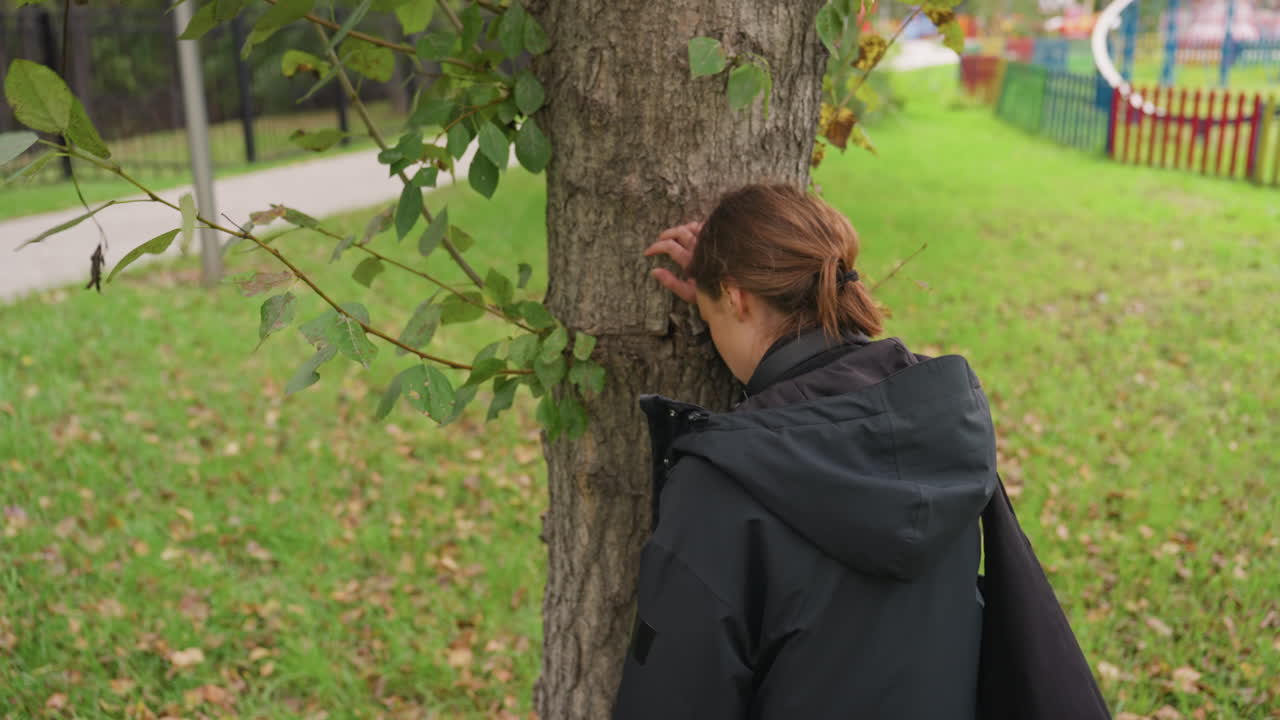 Woman leaning against tree trunk park, wearing dark rain jacket, hair tied back, head resting on bark, surrounded by fallen leaves on green grass, pathway and fence visible in background, overcast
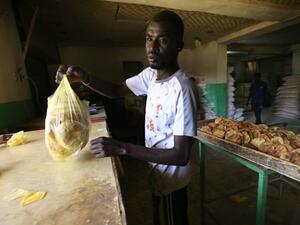 A Sudanese baker sells bread at a bakery in Omdourman on March 11, 2020. Sudan's economy has sunk into a deep crisis since the fall of longtime autocrat Omar al-Bashir almost a year ago, risking collapse and social unrest in a country in political transition. Anti-government protests erupted in Sudan in late 2018 against a government decision to triple bread prices. Bashir's ouster last April led to months of talks, also against a backdrop of mass protests, that eventually produced a transitional government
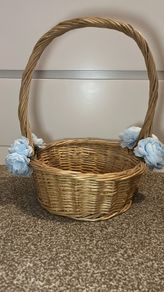 Wicker basket with artificial blue flowers.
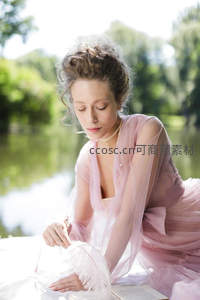 湖畔粉裙女子执羽毛书卷静读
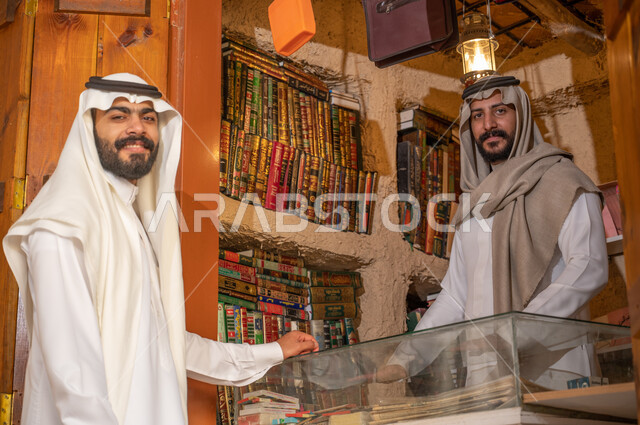 استعارة الكتب من المكاتب التاريخيه المبنية على الطراز القديم، دعم وتنمية الذخيرة اللغوية والعلمية, شاب عربي خليجي سعودي يرتدي الزي التقليدي يقوم باقتناء كتاب من المكتبة, ذكرى تأسيس الدولة السعودية الأولى 22 فبراير، يوم بدينا 1727 م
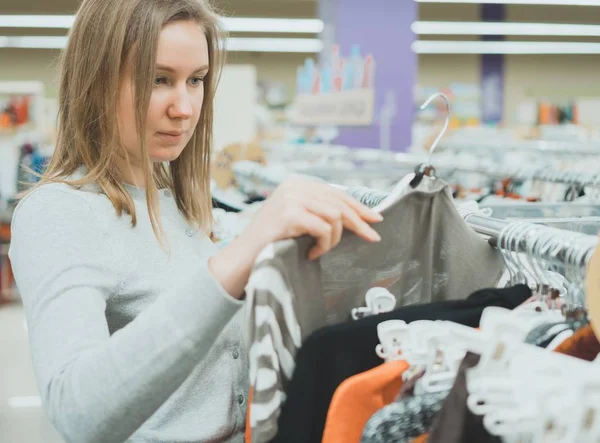 Woman choosing sweater in clothing store. — Stock Photo, Image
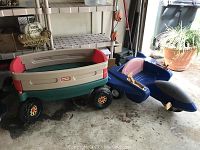 Side view of Little Tikes wagon with removable red sides and blue tri-mobile in garage setting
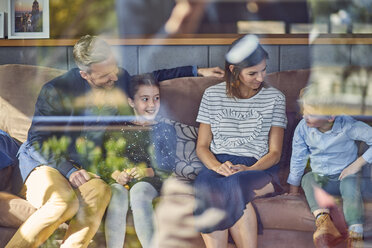 Glückliche Familie, die sich zu Hause auf der Couch entspannt - BEF00143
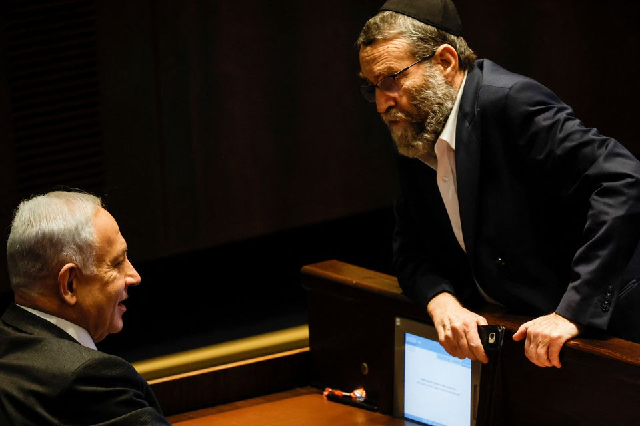 moshe gafni head of united torah judaism party chats with israeli designate prime minister benjamin netanyahu during a session at the plenum at the knesset israel s parliament in jerusalem december 28 2022 photo reuters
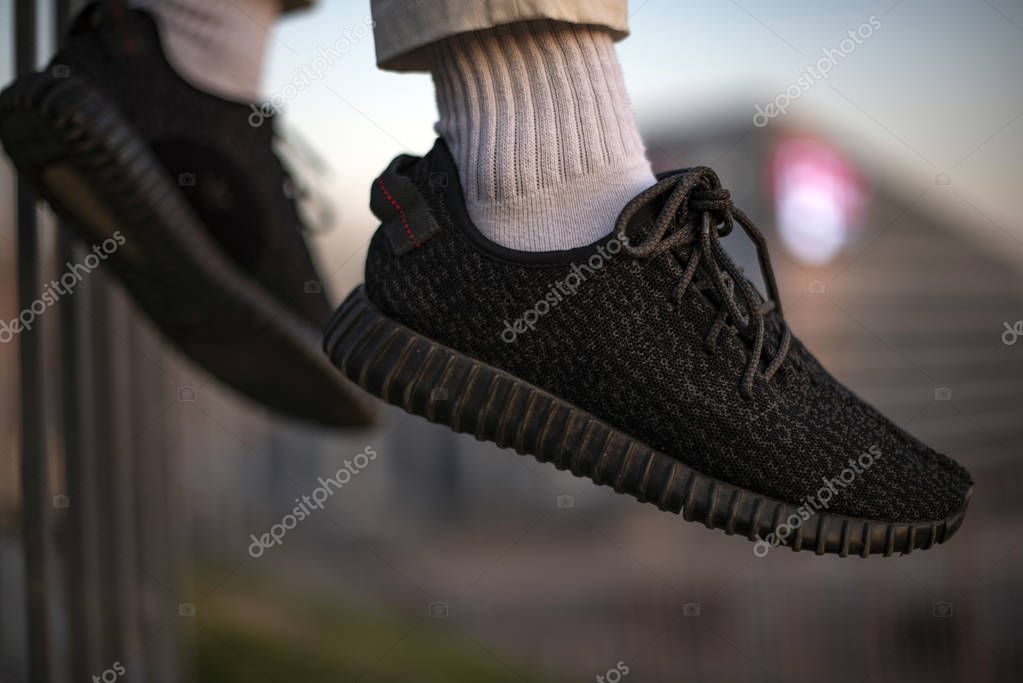 Milan, Italy - December 15, 2018: Young man wearing Vans Old Skool shoes in the street - illustrative editorial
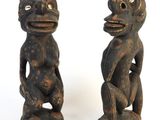 pair of carved wooden figures of a monkey and a frog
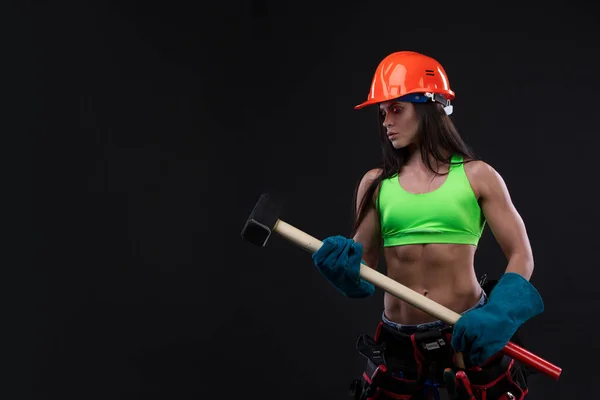 sexy female miner worker with pickaxe, in coveralls over his naked body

◆ ACTIVITY ◆
What is needed is the listing above, repeated verbatim, without its images.

◆ YOUR RESPONSE ◆
 Woman leaning against tree trunk park, wearing dark rain jacket, hair tied back, head resting on bark, surrounded by fallen leaves on green grass, pathway and fence visible in background, overcast
 A Sudanese baker sells bread at a bakery in Omdourman on March 11, 2020. Sudan's economy has sunk into a deep crisis since the fall of longtime autocrat Omar al-Bashir almost a year ago, risking collapse and social unrest in a country in political transition. Anti-government protests erupted in Sudan in late 2018 against a government decision to triple bread prices. Bashir's ouster last April led to months of talks, also against a backdrop of mass protests, that eventually produced a transitional government
 Wicker basket with artificial blue flowers.
 湖畔粉裙女子执羽毛书卷静读
 استعارة الكتب من المكاتب التاريخيه المبنية على الطراز القديم، دعم وتنمية الذخيرة اللغوية والعلمية, شاب عربي خليجي سعودي يرتدي الزي التقليدي يقوم باقتناء كتاب من المكتبة, ذكرى تأسيس الدولة السعودية الأولى 22 فبراير، يوم بدينا 1727 م
 Woman choosing sweater in clothing store. — Stock Photo, Image
 Side view of Little Tikes wagon with removable red sides and blue tri-mobile in garage setting
 Glückliche Familie, die sich zu Hause auf der Couch entspannt - BEF00143
 moshe gafni head of united torah judaism party chats with israeli designate prime minister benjamin netanyahu during a session at the plenum at the knesset israel s parliament in jerusalem december 28 2022 photo reuters
 Milan, Italy - December 15, 2018: Young man wearing Vans Old Skool shoes in the street - illustrative editorial
 pair of carved wooden figures of a monkey and a frog
 sexy female miner worker with pickaxe, in coveralls over his naked body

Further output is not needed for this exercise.